Kids' cultural icons won't necessarily come from TV in the future, says professor Bryant. Nor are icons likely to take hold as quickly as they did when viewing was more concentrated. He anticipates video games and the Internet driving the common threads that run through popular culture. "The nonmass media ... will increasingly provide the stimulus for the new cultural phenomenons," he says, but notes they won't be "symbols whereby everyone recognizes what the icon is."

"By and large," he says, "you'll never see it at the same level as the Bugs Bunny phenomenon or the Road Runner phenomenon or the Mickey Mouse Club - where everyone in a generation recognizes who these characters were."

Part of the reason is that everybody is watching at different times. Now that they know they can find something on TV to watch 24 hours a day, children - like adults - have adapted their TV-watching habits to fit around their increasingly busy schedules. "You see the first signs of it in the late '80s, but the '90s is an entirely different paradigm for watching television," says Professor Burke. "There isn't a concentrated day of four to five hours of intense television watching. It means that Saturday mornings have been reclaimed for soccer practice."

Originally, he says, Saturday went to the kids because "no adult would be caught dead watching" so early. But infomercials and weekend editions of morning shows are more prevalent. ABC, the only one of the original Big 3 networks to air five hours of kids TV on Saturday mornings (courtesy of parent company Disney), is even exploring the idea of adding a Saturday edition of "Good Morning America." NBC and CBS already air editions of their morning shows.

With cable networks focusing on kids, traditional broadcasters no longer have to feel responsible for serving children much beyond the three hours of educational programming the government requires of them, says Bryant. And kids' shows don't generate big ad dollars for networks, especially in a recession.

"One of the reasons there's a sea change at the moment is because the networks are not getting the same returns in the kid business on their investment.
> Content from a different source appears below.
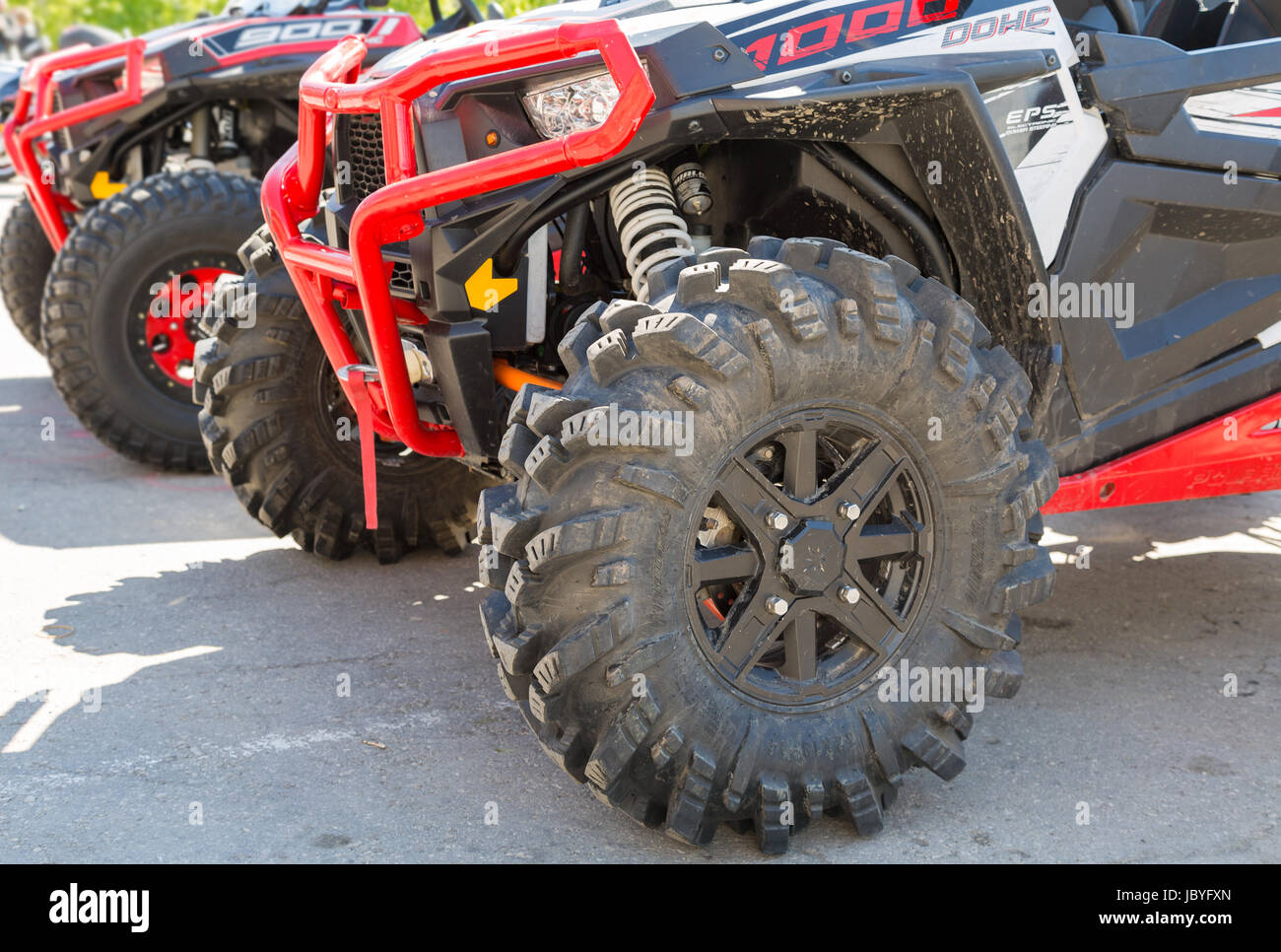 Samara, Russia May 13, 2017 Wheels of atv quad bikes parked at the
And that's due to the softness in the market, along with the incredible competition," says Cyma Zarghami, executive vice president of Nickelodeon.

The traditional networks did spark widespread hits as recently as the 1990s, with Fox's "Mighty Morphin Power Rangers" and the WB's "Pokémon." More recently - even before NBC's deal with Discovery - networks were borrowing from cable channels with bigger libraries: ABC uses shows from Disney, while CBS has seen improved ratings recently by using pre-school programs from Nickelodeon in its Saturday lineup.

But it is kids with cable who have a better chance of seeing the shows with all the buzz, like Nickelodeon's "Spongebob Squarepants," or the Cartoon Network's crime-fighting "Powerpuff Girls."

Nickelodeon - now 22 years old - has the top-rated programs on all of cable TV (excluding premium channels). No. 1 is "Spongebob," a cartoon about a kitchen sponge who lives at the bottom of the ocean. It is neck-in-neck with another Nick favorite, "Rugrats."

It is cable channels where the cutting-edge kids' cartoons are being created today. "The great success of cable programmers has raised the bar for everyone - helped create a more demanding audience, which in turn has led to better programming all around," says Jonathan Barzilay, senior vice president of ABC Kids and cable channel Toon Disney.

Adults longing for the nostalgia of their youth, will have to look to The Cartoon Network and websites like yesterdayland.com. As pop-culture professor Bob Thompson puts it, with cable, "All of the sudden, Saturday morning isn't all that important anymore."